>>>
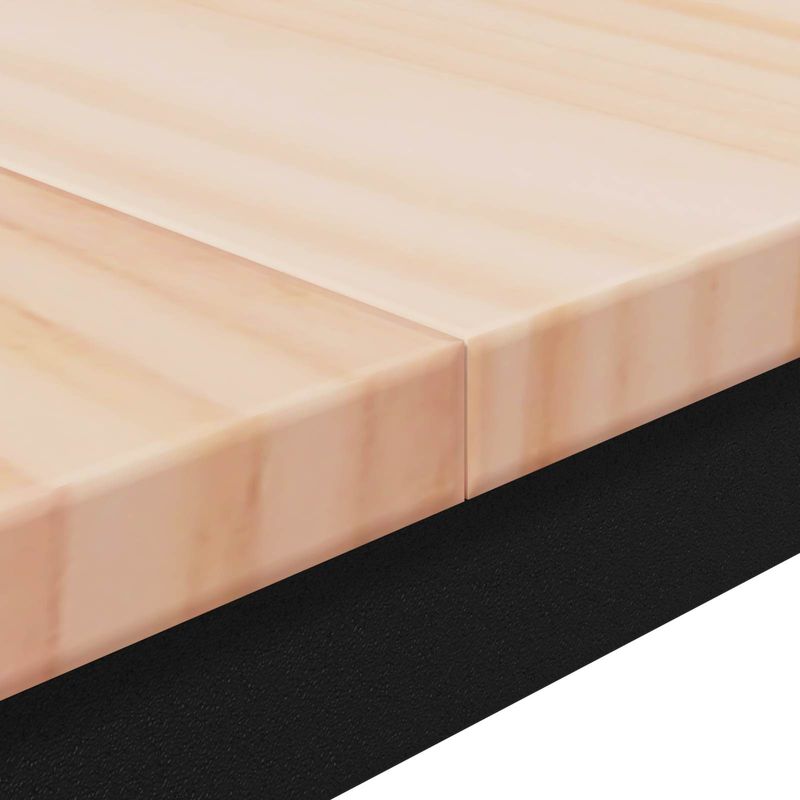Casa si Gradina - Mobilier - Mese si birouri - Mese bucatarie si dining - Masa de dining natural 60 x 60 x 75 cm Lemn de pin masiv - Infinity.ro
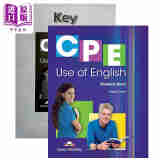 剑桥CPE考试英语运用1学生用书+答案 CPE Use of English 1 Cambridge Proficiency 英文原版 进口备考教辅练习 中商原版
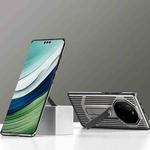 For Huawei Mate 40 Pro Extraordinary Cooling Holder Phone Case(Titanium)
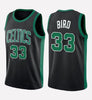 Men's Boston Celtics #33 Larry Bird stitched jersey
<<<
» **Task instructions**
Write out the data once more exactly, omitting the pictures.

» **Answer space**
Casa si Gradina - Mobilier - Mese si birouri - Mese bucatarie si dining - Masa de dining natural 60 x 60 x 75 cm Lemn de pin masiv - Infinity.ro
 剑桥CPE考试英语运用1学生用书+答案 CPE Use of English 1 Cambridge Proficiency 英文原版 进口备考教辅练习 中商原版
 For Huawei Mate 40 Pro Extraordinary Cooling Holder Phone Case(Titanium)
 Men's Boston Celtics #33 Larry Bird stitched jersey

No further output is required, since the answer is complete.